NISAの恒久化(無期限化)で得られるメリットとは?
NISAは投資上限額はあるものの投資から得られた運用益や譲渡益に税金がかからないお得な制度です。一部では、NISA制度は余裕資金のある富裕層を優遇する制度ではないかとの批判があります。
今回の恒久化の検討にあたり、富裕層優遇の指摘から、当初は恒久化を「つみたて型」に一本化する案が出ていました。しかしその後、株式など幅広く投資が可能な「一般型」についても恒久化する政府案が税制調査会で受け入れられました。
幅広い層が恩恵を受けられる制度へ
NISA抜本的改革案では、非課税で投資できる期間を無期限とし、投資上限額も引き上げられます。NISAが恒久化されれば、これまでよりも長期間、安定的に非課税で資産運用ができることになるでしょう。投資資金が少ない場合でも、投資期限が撤廃されれば、期間を味方につけることで、少額ずつの投資でも資産を増やすチャンスを得られます。
予定されていた新NISA制度は見直し
ところで、「一般NISA」は2024年に仕組みと投資枠を変更して「新NISA」へ生まれ変わる予定であったことをご存じでしょうか。一般NISAからの主な変更点は、投資枠が2階建てになること。1階部分の投資額が20万円、2階部分が102万円の年間合計122万円が上限投資枠となる予定でした。
1階部分の20万円は安定的な資産形成を目指すためつみたてNISAの対象となっている投資信託の購入に限定されています。また、2階部分の102万円の投資対象は、これまでの一般NISA同様の株式などの運用が可能です。
新NISAは、一般NISAにつみたてNISAを組み込んだような仕様で、仕組みが複雑になりNISA利用のハードルをますます上げてしまうのではないかとの懸念がありました。しかし、今回の改正でNISAの恒久化が実現すると、新NISAは必然的に見直しということになります。
資産を増やすために利用者の意識改革も必要
貯蓄から投資へ家計金融資産をシフトさせるためにNISAの改革・拡充は有効な手段になりそうですが、利用者の意識改革も重要な要素です。たしかに、NISA制度の恒久化 は利用者の利便性を高めますし、制度の簡素化がかなえばNISA利用者の裾野が広がることが期待できます。
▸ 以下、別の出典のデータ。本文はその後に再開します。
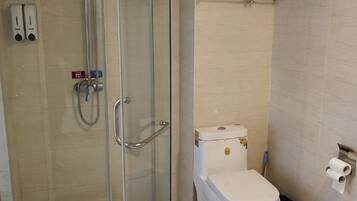 A bathroom with a glass-enclosed shower, a toilet, and a towel rack.
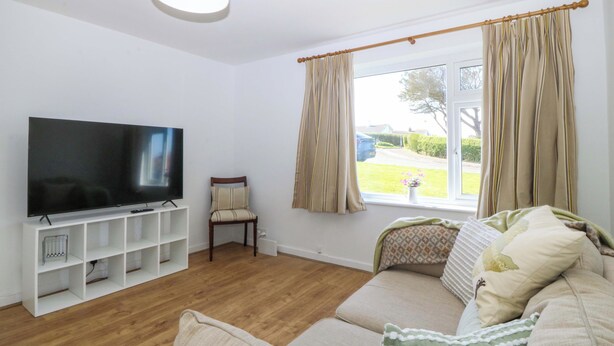 Uma sala de estar com televisão, sofá e janela com cortinas.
しかし、物事にはメリットがあればデメリットが必ずあります。資産を増やすためにNISAを利用し、利益を最大限生み出せるのがNISAのメリットですが、投資である以上、利益が出る保証がないことはデメリットになります。
日本では金融教育の遅れから、分からないからという理由で投資に踏み出せない方も多くいます。制度を拡充しても、利用者の理解がないと前へは進めません。今後は、制度の拡充と並行して、利用者の金融リテラシーを高めていくことも必要と思われます。